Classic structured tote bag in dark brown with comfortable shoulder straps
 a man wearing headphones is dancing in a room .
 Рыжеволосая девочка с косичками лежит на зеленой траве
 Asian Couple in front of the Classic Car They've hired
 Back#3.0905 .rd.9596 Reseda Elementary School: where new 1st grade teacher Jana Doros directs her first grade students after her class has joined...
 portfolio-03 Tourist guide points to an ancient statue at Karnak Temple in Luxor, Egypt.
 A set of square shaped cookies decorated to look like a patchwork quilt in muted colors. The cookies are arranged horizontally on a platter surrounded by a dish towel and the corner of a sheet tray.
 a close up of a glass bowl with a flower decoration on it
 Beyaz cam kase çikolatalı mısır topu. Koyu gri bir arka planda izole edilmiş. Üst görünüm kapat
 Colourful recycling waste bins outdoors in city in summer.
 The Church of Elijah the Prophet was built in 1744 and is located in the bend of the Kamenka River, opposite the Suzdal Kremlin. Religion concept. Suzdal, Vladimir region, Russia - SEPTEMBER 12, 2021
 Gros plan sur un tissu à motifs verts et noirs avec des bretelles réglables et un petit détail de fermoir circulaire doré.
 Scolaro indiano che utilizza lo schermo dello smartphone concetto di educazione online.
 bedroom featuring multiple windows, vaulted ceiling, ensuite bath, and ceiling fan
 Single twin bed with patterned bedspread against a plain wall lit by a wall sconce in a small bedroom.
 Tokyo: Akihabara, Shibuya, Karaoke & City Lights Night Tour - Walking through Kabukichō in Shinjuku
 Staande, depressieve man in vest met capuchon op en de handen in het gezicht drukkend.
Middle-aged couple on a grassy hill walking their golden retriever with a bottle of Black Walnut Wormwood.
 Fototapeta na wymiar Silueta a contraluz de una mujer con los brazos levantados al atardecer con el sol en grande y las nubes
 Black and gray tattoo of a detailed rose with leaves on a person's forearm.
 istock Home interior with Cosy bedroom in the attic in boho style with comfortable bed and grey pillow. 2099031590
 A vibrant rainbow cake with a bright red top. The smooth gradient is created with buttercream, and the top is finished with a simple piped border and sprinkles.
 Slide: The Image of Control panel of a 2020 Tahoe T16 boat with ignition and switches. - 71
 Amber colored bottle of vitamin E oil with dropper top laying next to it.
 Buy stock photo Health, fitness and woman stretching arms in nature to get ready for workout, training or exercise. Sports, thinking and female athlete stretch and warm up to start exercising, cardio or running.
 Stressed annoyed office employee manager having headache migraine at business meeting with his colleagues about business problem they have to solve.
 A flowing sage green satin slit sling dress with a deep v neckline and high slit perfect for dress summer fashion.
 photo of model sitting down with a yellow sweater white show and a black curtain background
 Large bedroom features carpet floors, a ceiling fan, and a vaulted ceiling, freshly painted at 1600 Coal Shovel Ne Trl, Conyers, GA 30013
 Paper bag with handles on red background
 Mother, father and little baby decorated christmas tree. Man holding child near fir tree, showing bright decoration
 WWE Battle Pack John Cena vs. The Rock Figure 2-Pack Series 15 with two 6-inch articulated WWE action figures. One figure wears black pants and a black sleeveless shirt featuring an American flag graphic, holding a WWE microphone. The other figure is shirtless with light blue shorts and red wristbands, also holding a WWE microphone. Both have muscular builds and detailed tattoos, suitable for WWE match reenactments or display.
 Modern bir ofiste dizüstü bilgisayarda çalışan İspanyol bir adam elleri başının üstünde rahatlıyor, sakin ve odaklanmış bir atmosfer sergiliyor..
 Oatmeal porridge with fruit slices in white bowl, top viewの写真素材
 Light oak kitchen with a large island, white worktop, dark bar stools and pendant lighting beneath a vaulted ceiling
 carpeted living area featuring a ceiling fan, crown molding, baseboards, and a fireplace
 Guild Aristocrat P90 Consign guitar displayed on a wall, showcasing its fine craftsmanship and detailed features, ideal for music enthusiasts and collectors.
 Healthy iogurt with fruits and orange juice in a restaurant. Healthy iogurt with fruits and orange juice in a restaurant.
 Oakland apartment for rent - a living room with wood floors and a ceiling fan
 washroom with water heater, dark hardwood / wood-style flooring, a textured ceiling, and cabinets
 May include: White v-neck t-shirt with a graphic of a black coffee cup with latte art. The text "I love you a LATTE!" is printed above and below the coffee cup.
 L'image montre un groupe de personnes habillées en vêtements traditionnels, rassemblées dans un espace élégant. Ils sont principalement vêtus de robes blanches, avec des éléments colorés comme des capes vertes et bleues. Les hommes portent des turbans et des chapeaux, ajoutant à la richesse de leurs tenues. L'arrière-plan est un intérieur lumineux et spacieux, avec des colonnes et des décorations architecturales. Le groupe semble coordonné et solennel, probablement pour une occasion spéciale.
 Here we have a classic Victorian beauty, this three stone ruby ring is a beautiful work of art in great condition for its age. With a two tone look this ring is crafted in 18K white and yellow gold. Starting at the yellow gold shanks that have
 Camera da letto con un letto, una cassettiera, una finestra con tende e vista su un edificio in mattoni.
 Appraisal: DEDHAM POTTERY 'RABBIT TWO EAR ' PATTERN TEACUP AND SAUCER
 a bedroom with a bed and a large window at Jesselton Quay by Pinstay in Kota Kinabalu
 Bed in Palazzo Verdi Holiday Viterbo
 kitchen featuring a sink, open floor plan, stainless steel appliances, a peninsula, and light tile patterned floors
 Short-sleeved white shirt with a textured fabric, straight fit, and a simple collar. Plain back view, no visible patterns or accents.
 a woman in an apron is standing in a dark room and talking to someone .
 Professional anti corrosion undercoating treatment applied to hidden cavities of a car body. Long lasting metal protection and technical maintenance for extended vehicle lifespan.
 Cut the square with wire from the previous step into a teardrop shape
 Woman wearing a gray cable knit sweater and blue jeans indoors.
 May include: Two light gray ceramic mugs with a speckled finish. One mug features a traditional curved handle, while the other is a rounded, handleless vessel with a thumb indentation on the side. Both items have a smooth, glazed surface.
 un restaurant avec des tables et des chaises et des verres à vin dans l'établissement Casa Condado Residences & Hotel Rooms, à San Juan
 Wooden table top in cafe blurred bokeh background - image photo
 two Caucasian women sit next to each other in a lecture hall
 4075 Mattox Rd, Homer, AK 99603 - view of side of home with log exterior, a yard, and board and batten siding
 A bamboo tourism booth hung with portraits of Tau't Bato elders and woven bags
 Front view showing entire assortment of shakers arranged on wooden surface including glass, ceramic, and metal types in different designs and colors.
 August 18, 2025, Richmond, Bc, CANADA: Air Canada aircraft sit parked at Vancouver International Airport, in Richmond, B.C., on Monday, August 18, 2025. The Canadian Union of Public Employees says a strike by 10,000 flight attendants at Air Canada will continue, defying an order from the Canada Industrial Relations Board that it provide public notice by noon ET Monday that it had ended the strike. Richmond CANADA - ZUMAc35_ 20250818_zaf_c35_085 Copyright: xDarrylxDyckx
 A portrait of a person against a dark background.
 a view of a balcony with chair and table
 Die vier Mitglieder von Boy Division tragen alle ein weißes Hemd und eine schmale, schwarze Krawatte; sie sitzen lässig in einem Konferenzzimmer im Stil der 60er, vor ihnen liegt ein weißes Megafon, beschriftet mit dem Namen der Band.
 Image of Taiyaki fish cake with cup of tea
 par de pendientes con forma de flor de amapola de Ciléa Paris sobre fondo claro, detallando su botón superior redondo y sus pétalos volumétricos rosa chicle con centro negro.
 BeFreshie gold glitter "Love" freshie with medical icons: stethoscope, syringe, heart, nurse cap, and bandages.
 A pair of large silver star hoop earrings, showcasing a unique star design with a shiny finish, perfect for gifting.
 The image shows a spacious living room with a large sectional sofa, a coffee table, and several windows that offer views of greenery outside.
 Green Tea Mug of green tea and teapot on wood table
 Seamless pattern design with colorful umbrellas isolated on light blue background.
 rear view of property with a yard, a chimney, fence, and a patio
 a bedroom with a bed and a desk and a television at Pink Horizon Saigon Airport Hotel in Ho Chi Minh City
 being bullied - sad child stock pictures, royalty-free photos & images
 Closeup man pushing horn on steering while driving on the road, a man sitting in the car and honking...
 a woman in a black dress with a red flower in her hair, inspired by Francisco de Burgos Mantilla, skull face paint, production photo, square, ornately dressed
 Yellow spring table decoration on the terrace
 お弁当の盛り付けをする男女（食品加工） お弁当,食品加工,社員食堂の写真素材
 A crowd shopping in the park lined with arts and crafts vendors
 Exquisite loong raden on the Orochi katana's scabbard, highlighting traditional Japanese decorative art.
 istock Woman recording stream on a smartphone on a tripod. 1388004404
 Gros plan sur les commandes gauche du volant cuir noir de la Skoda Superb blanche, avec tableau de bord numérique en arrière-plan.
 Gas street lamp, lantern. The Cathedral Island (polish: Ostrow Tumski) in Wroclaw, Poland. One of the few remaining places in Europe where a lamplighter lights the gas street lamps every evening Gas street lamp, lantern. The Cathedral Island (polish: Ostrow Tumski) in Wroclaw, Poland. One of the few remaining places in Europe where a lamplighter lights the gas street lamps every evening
+---+
Only the lines from the one containing "Modern bir ofiste" through the one containing "May include: White" are to be retyped, both boundary lines included, with no other material.

(Solution to this problem):
 Modern bir ofiste dizüstü bilgisayarda çalışan İspanyol bir adam elleri başının üstünde rahatlıyor, sakin ve odaklanmış bir atmosfer sergiliyor..
 Oatmeal porridge with fruit slices in white bowl, top viewの写真素材
 Light oak kitchen with a large island, white worktop, dark bar stools and pendant lighting beneath a vaulted ceiling
 carpeted living area featuring a ceiling fan, crown molding, baseboards, and a fireplace
 Guild Aristocrat P90 Consign guitar displayed on a wall, showcasing its fine craftsmanship and detailed features, ideal for music enthusiasts and collectors.
 Healthy iogurt with fruits and orange juice in a restaurant. Healthy iogurt with fruits and orange juice in a restaurant.
 Oakland apartment for rent - a living room with wood floors and a ceiling fan
 washroom with water heater, dark hardwood / wood-style flooring, a textured ceiling, and cabinets
 May include: White v-neck t-shirt with a graphic of a black coffee cup with latte art. The text "I love you a LATTE!" is printed above and below the coffee cup.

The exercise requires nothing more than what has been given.